How much more onshore wind is planned and where are proposed future sites located?
BEIS’s Renewable Energy Planning database shows that 119 sites had been granted planning permission for onshore wind turbines and a further 12 were under construction, as of December 2019.
The majority (approximately 60%) of sites that have received permission are located in Scotland. While a number contain a single turbine, the largest, located at Lang Kames in the Shetland Islands, is set to have 103 turbines, producing 370 MW of electricity by 2024. Of the 14 sites with a planned installed capacity of more than 50 MW, all but two are in Scotland. The majority (56%) of the 32 sites currently under construction are also located in Scotland. (All data from the Renewable Energy Planning database, May 2018.) A number of other windfarm proposals are at different stages of the planning process.

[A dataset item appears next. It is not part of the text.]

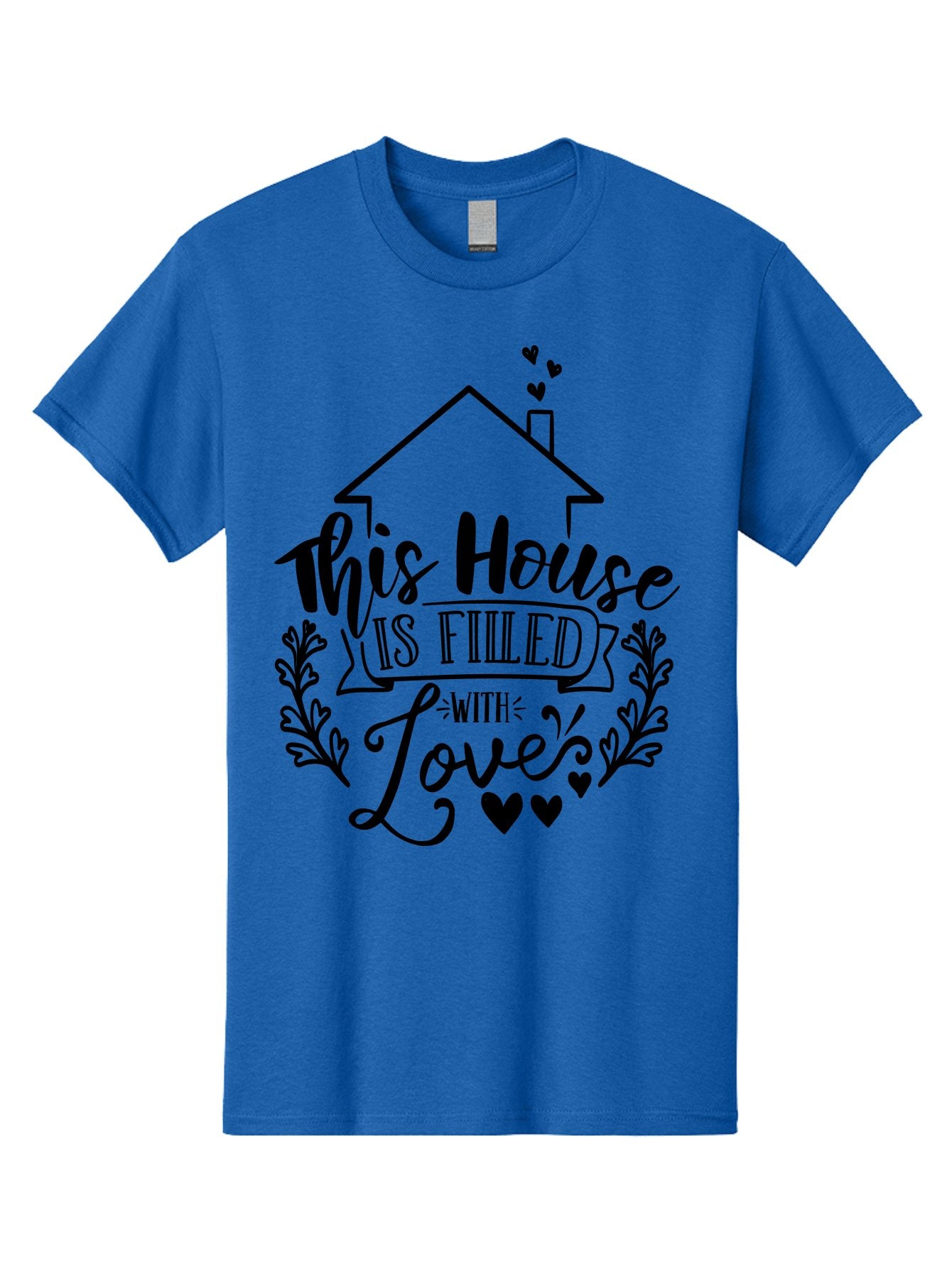 This House Is Filled With Love Men'S Graphic Tee, 100% Cotton, Comfortable Casual Summer Wear, Machine Washable, Home Sweet Home, House Filled With Love, Family Values, Heartwarming Quotes, Home Decor Inspiration, Love Quotes For Home, Aae732 15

The Government gave its backing to onshore wind projects on ‘remote islands’ (such as the Outer Hebrides) in June 2018. It intends to legislate to differentiate remote island wind from other onshore windfarms so that they can compete in auctions for price support contracts, an option that David Cameron’s government withdrew from potential onshore projects in 2015. The Government has also indicated (in March 2018) that it may ease these restrictions on onshore wind subsidies in parts of Scotland and Wales. This more favourable attitude is apparently supported by the public: a YouGov poll in July 2018 showed that 69% of people would back more onshore wind turbines being built and 66% would support a change in government policy to ease restrictions where there was local support.
How are planning applications assessed?
Sites identified for planned windfarms are subject to a formal application assessment. Even if approved, not all sites continue to build stage. Since 2015 Local Planning Authorities have assessed applications for all installations, regardless of size (previously, commercial windfarm developments over 50 MW were assessed by national government). Government guidance states that applications should not be approved unless the proposed site has been identified as suitable for wind energy development in a Local or Neighbourhood Plan.

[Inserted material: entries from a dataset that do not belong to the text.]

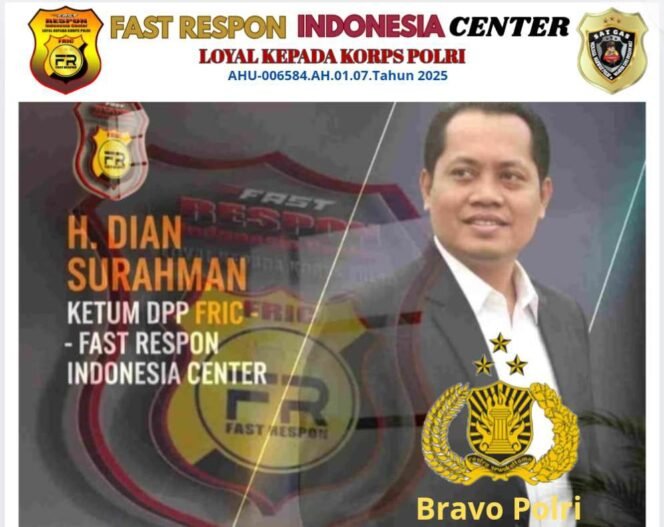
 Fast Respon Indonesia Center Selalu Siap Berkibar Untuk Jaga Marwah Polri dibawah Komando Dian Surahman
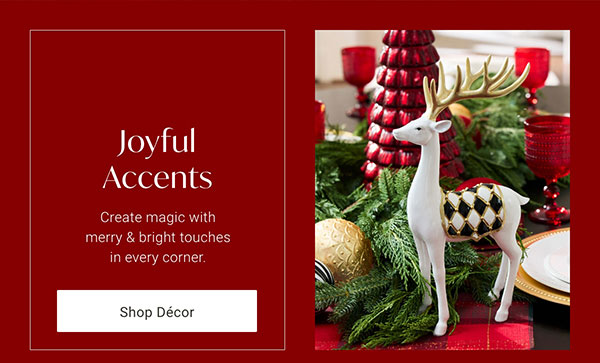Joyful Accents: Create magic with merry & bright touches in every corner - Shop Decor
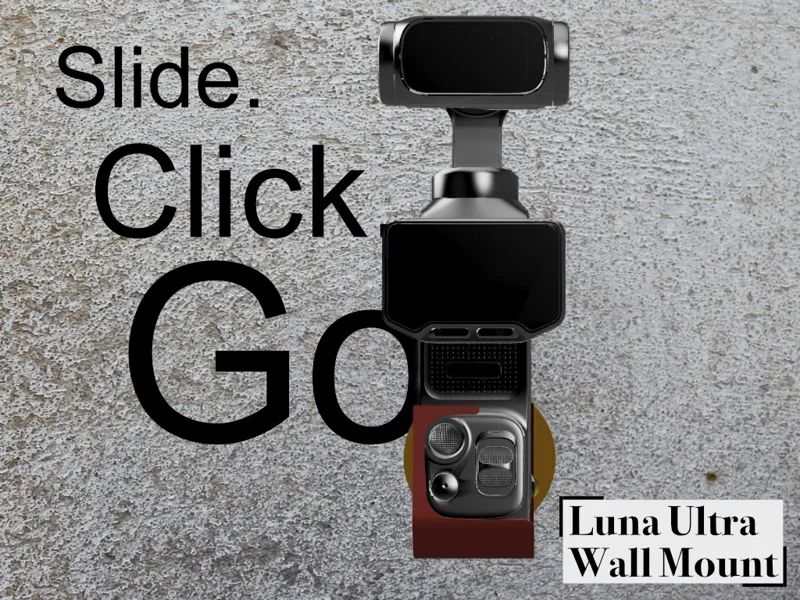 Luna Ultra Wall Mount - Slide. Click. Go.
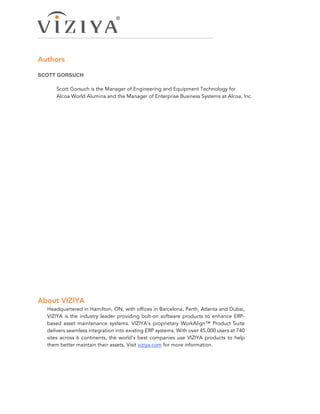 Authors
SCOTT GORSUCH
Scott Gorsuch is the Manager of Engineering and Equipment Technology for
Alcoa World Alumina and the Manager of Enterprise Business Systems at Alcoa, Inc.
About VIZIYA
Headquartered in Hamilton, ON, with offices in Barcelona, Perth, Atlanta and Dubai,
VIZIYA is the industry leader providing bolt-on software products to enhance ERP-
based asset maintenance systems. VIZIYA’s proprietary WorkAlign™ Product Suite
delivers seamless integration into existing ERP systems. With over 45,000 users at 740
sites across 6 continents, the world’s best companies use VIZIYA products to help
them better maintain their assets. Visit viziya.com for more information.
 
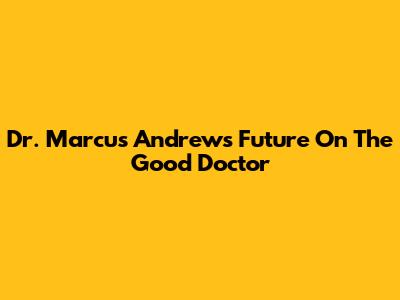 Dr. Marcus Andrews' Future On The Good Doctor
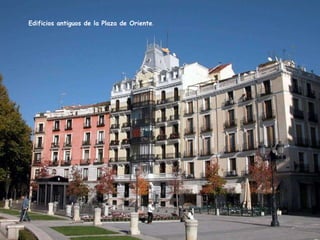Edificios antiguos de la Plaza de Oriente .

The National Planning Policy Framework aims to protect Areas of Outstanding Natural Beauty, Sites of Special Scientific Interest and areas of high national heritage value from negative impacts from windfarm developments. Additionally, most commercial-scale onshore wind turbine applications require an Environmental Impact Assessment, which assesses the potential visual impacts and changes to landscape and biodiversity that could result. The EIA can directly inform a decision to approve or reject a submitted application. Noise impacts are also assessed and considered.